Fuller a fait de l' excellent boulot sur ce film et malgré quelques plans assez discutables sur le chien il fait bien passer son message. En fait, les plans ne sont qu' à moitié discutables parce que faire jouer des animaux, c' est pas ce qu' il y a de plus facile et çà se voit par moment. 5 chiens ont participé au tournage. Faut faire attention mais des fois le chien il s' amuse (la queue qui remue) alors qu' ils devrait attaquer. Et pour le faire paraître terrifiant on l' a affublé d' une sorte de prothèse dans la gueule pour qu' on ait l' impression qu' il grogne, on la voit pas mais on voit bien que c' est pas une expression naturelle. Fuller n' a probablement pas eu un gros budget, le sujet étant scabreux et j' imagine peu porteur en terme de box-office. C' est les seuls défauts du film avec le problème de la non-euthanasie du chien que j' ai relevé plus haut. Niveau acting c' est pas mal, je retrouve avec plaisir Kristy McNicol pour qui j' avais eu un petit 'crush' étant gamin. Elle ne tourne plus depuis 1992 suite à des troubles maniaco-dépressifs. Burl Ives (oscarisé pour son rôle dans
The Big Country) joue de façon très convaincante le directeur du centre. Mais le meilleur rôle c' est Paul Winfield, le dresseur, on le sent vraiment concerné et motivé par son objectif. Le passage dans l' église et le déchirement à la fin son vraiment poignants. Là dessus Ennio Morricone nous sort un thème dont il a le secret et qui se marie parfaitement avec la gravité du sujet, du tout bon.

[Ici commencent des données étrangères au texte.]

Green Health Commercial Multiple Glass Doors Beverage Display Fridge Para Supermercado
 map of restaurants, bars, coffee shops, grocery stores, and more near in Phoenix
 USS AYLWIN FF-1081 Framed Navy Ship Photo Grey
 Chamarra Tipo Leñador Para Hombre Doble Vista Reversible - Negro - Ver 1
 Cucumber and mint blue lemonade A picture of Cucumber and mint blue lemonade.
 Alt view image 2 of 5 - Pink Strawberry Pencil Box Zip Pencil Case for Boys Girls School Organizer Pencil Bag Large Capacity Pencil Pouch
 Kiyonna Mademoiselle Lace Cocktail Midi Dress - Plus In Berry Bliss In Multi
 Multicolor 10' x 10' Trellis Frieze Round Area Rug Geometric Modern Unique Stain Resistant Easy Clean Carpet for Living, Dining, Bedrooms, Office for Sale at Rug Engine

A noter que le film est tiré d' une histoire réellement arrivée à l' actrice Jean Seberg à la fin des années 60 et qui a été relatée dans le livre,
Chien Blanc, écrit par Romain Gary, mari de l' actrice à l' époque des faits...Pour moi c' est un grand classique, malheureusement indisponible en zone 2. On se demande bien pourquoi. Nostalgie, sujet couillu, des animaux, Kristy, Morricone font que je vais surnoter mais j' assume parfaitement.